Junius and his lover had ten children, six of whom survived to adulthood. When not off performing, the father’s powerful personality dominated the family home, now preserved as Tudor Hall in Bel Air, Maryland (and occasionally open to visitors). Three sons followed him onto the stage.

The standout among the siblings was Edwin, his father’s successor as the most celebrated American actor of his era. Edwin Booth’s sensitive Hamlet became his signature role, one which suited his slight physique and compelling blend of intensity and control. 

John Wilkes, four years younger, proved an energetic if unpredictable performer. Remembering his lines was not a strength, but his onstage gymnastics were always exciting. He once broke a fellow actor’s arm during an onstage duel, stabbed another one in a different show, and even stabbed himself in one performance. 

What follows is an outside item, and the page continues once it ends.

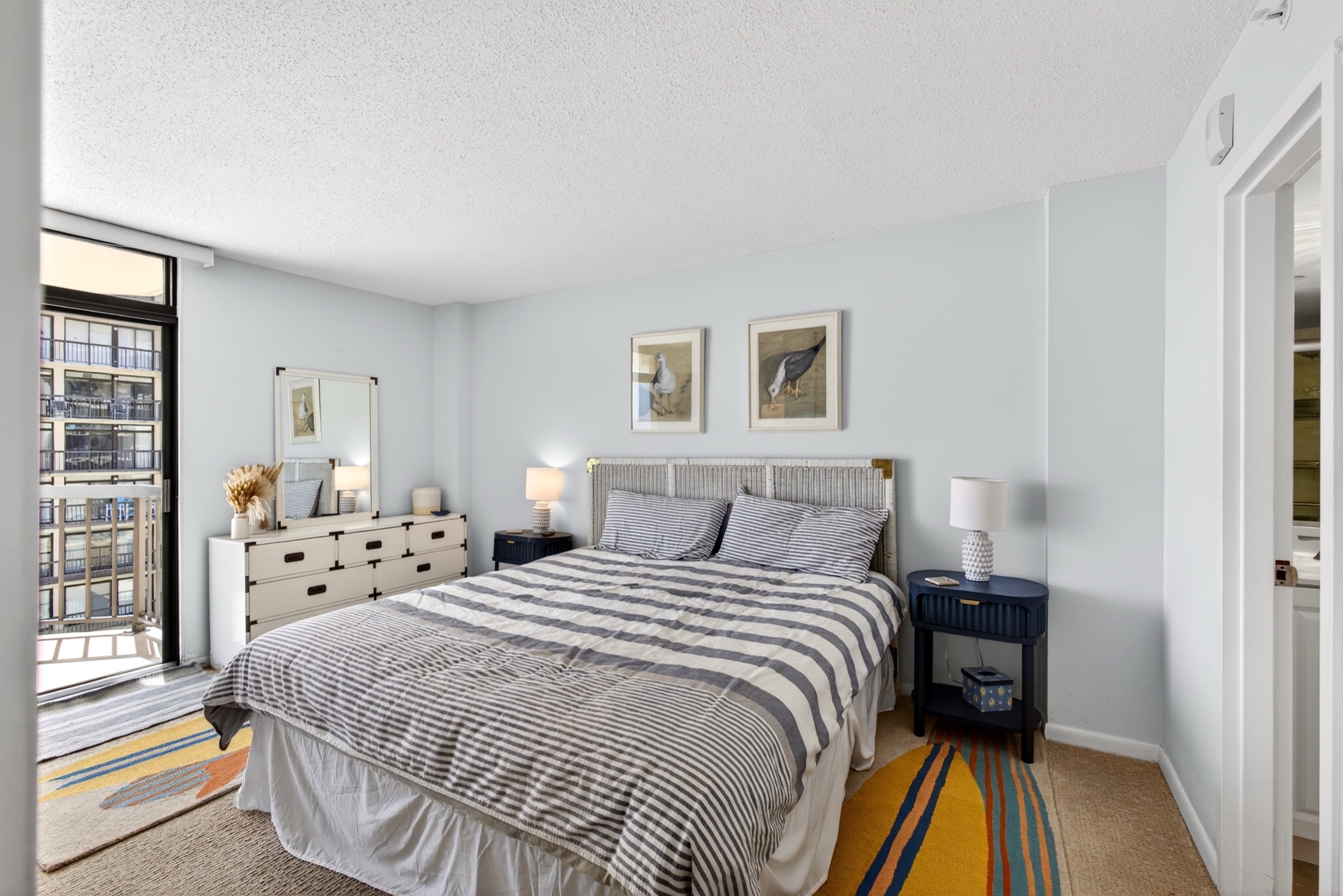 Syracuse Airbnb photography — king bedroom with coastal styling and balcony view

Though John Wilkes toured the nation, he never won the acclaim that Edwin commanded. Some speculate that jealousy of Edwin’s fame may have helped spur John Wilkes to kill Lincoln. The younger brother’s passionate pro-Confederate views were not shared by his siblings. Edmund was a staunch Union supporter, while eldest brother Junius Jr., sister Asia, and brother Joseph (who became a physician) were apolitical. 

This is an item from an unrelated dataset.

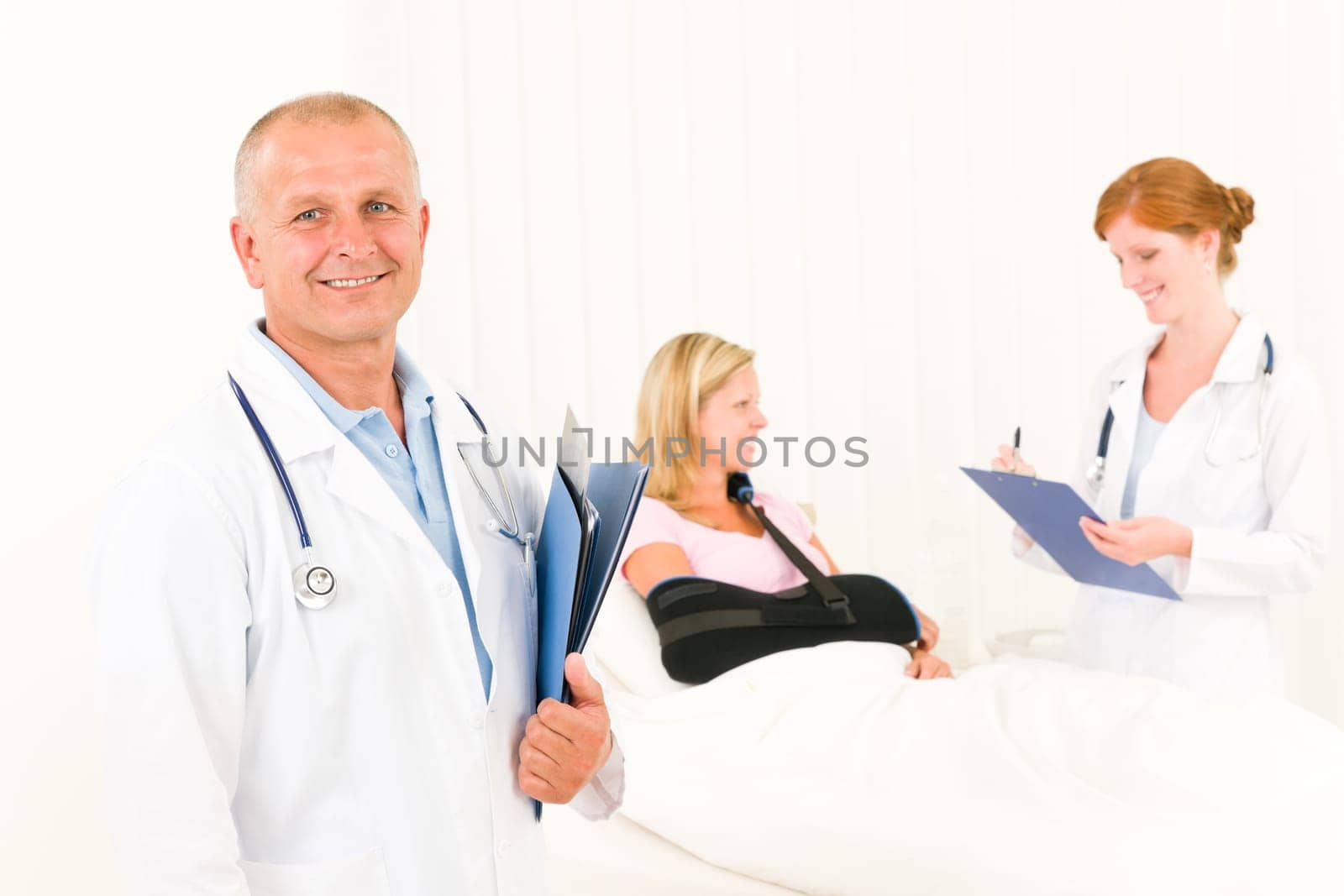 Two medical doctors professional with hospital patient lying in bed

When Edwin learned of his brother’s crime, he wrote bitterly to their sister: “Think no more of him as your brother; he is dead to us now.” Shaken, Edwin did not perform for the next eight months. He ultimately returned to the stage and acted for many more years, his reputation shadowed by the assassination. Legend holds that for nearly thirty years after Lincoln’s death, Edwin never spoke his brother’s name.

The eldest brother, Junius Jr., learned of the assassination while on tour in Cincinnati. After hiding in his hotel room for two days, Junius Jr. slipped out of town and hurried home to Philadelphia, where he was arrested on suspicion of assisting John Wilkes. He won his release after weeks of imprisonment in the Old Capitol Prison in Washington and soon forsook the stage in favor of theater management.

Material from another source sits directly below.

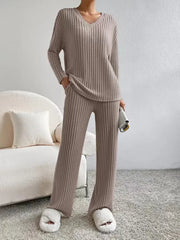 Person wearing a beige ribbed lounge set in a cozy living room.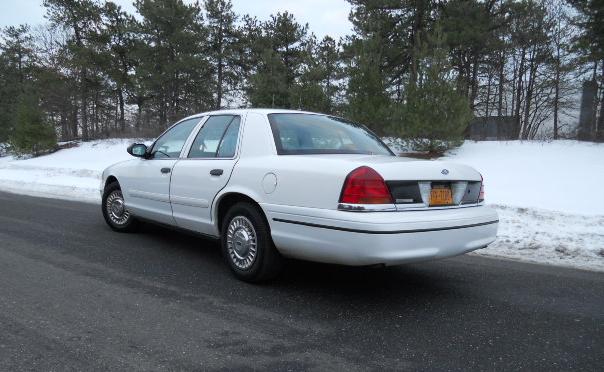 White sedan parked on a wet road with snow on the side, rear view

Arrested and imprisoned with Junius Jr. was brother-in-law John Sleeper Clarke, a schoolmate of Edwin’s who married sister Asia Booth. Asia was several months pregnant in April 1865, so she escaped arrest after the assassination, though she endured a temporary version of house arrest. Asia later served as the family’s chronicler, publishing a profile of her father and Edwin, and leaving behind a memoir about John Wilkes that was not published until 1938.

In one of the ironies of the Booth family history, it was the in-law, John Sleeper Clarke, who found great success on the English stages that Junius Sr. had fled decades before. Largely known for comic parts, Clarke also was the one whose children followed into the family business. His sons Creston and Wilfred, who were not burdened with the Booth surname, both became successful actors.

A Denver newspaper review of Creston Clarke’s performance of King Lear indulged some timeless snark: “All through five acts of Shakespeare's tragedy he played the king as though under momentary apprehension that someone else was about to play the ace.”

Irony suffuses the three actor-brothers’ last joint performance, a benefit to raise money to erect a statue of Shakespeare in New York’s Central Park (which still stands). Before two thousand people on November 25, 1864, they depicted the assassination of a nation’s leader in Shakespeare’s tragedy, Julius Caesar.

 On that night, however, art did not imitate life. John Wilkes, who had already begun to plan the kidnapping of President Lincoln, did not portray the assassin Brutus. Rather, he took on the role of Mark Antony, the Caesar loyalist. Edwin played the assassin Brutus that night, while Junius Jr., the eldest, performed as Caesar.

During the second act of the show, fire alarm bells erupted. A nearby hotel was ablaze, as were eighteen others in the city. All, it turned out, had been torched by Confederate conspirators hoping to strike terror into the commercial capital of the North. The Booths’ performance, however, resumed after a few minutes and was not interrupted again. 

Six months later, John Wilkes would be dead, Edwin in seclusion, and Junius Jr. under arrest, all late victims of Confederate ideology.